How to do clocks right?

[thejohnfreeman]

I want to discuss how we handle clocks. First, we have beast::abstract_clock, which is like a std::chrono clock except that now() is a non-static member function instead of a static member function. The idea is that components that need a clock will take a reference to a beast::abstract_clock, which can be chosen at runtime, instead of calling a global, static function like std::chrono::steady_clock::now(), that can't be switched at runtime.

There is a subtype of beast::abstract_clock called beast::manual_clock that lets a caller manually advance the clock. This capability is required for effectively testing components that depend on a clock, much like the ability to choose a seed is required for effectively testing components that depend on randomness. It is used in many of our tests, e.g. for all the aged containers, which take a beast::abstract_clock& in their constructor.

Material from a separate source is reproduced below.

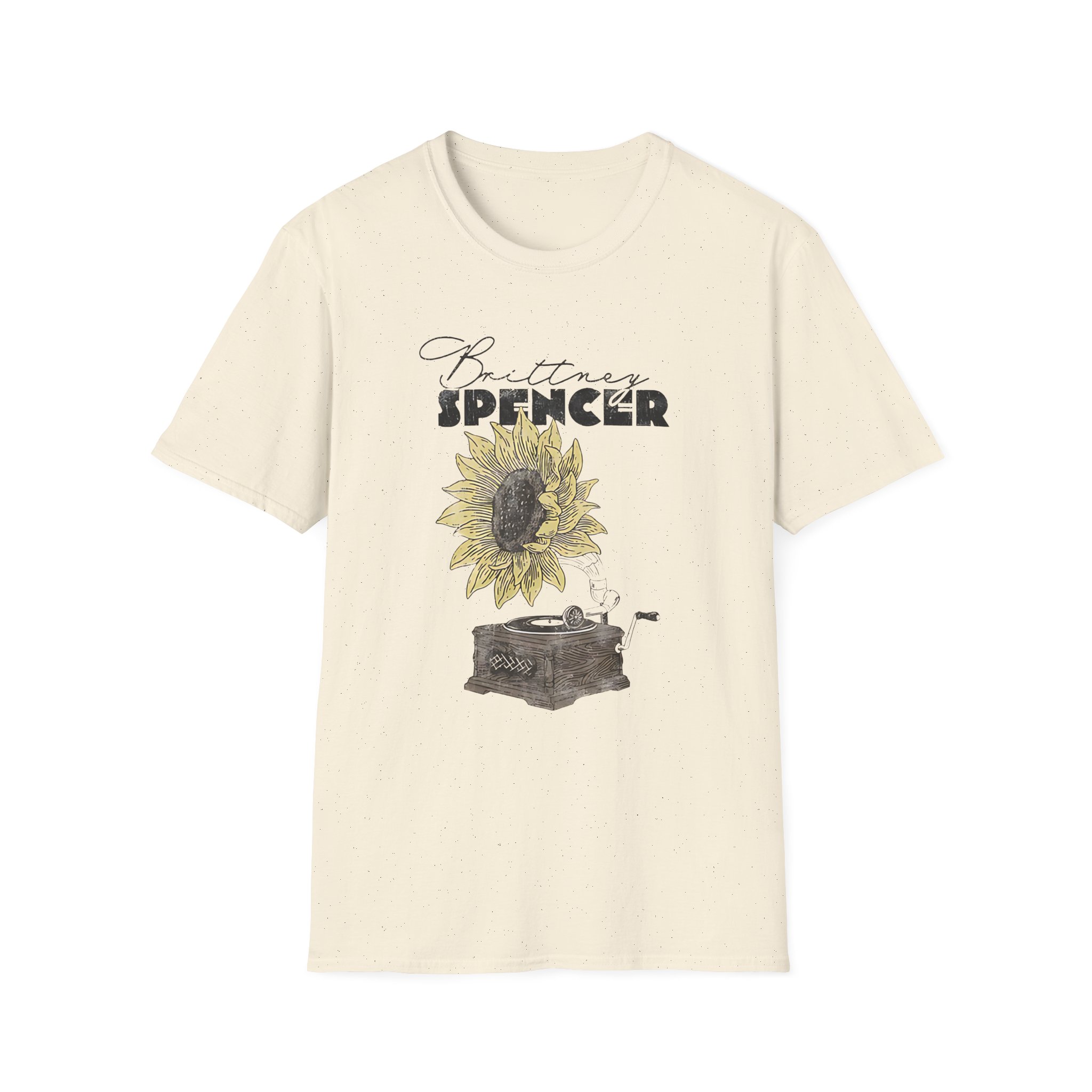 Manhead Sunflower Turntable Unisex Softstyle T-Shirt - Image 7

However, there is also a global function, beast::get_abstract_clock(), that returns a non-const reference to a statically-allocated beast::abstract_clock. This function is called in several places, e.g. the constructor of NetworkOpsImp, which passes it to RCLConsensus. These calls cannot be intercepted to use a manual clock, which means the components using them cannot be tested effectively. (There are many more reasons why NetworkOpsImp is not testable in its current state, but it's not the only example, and right now I'm focused on removing this obstacle.)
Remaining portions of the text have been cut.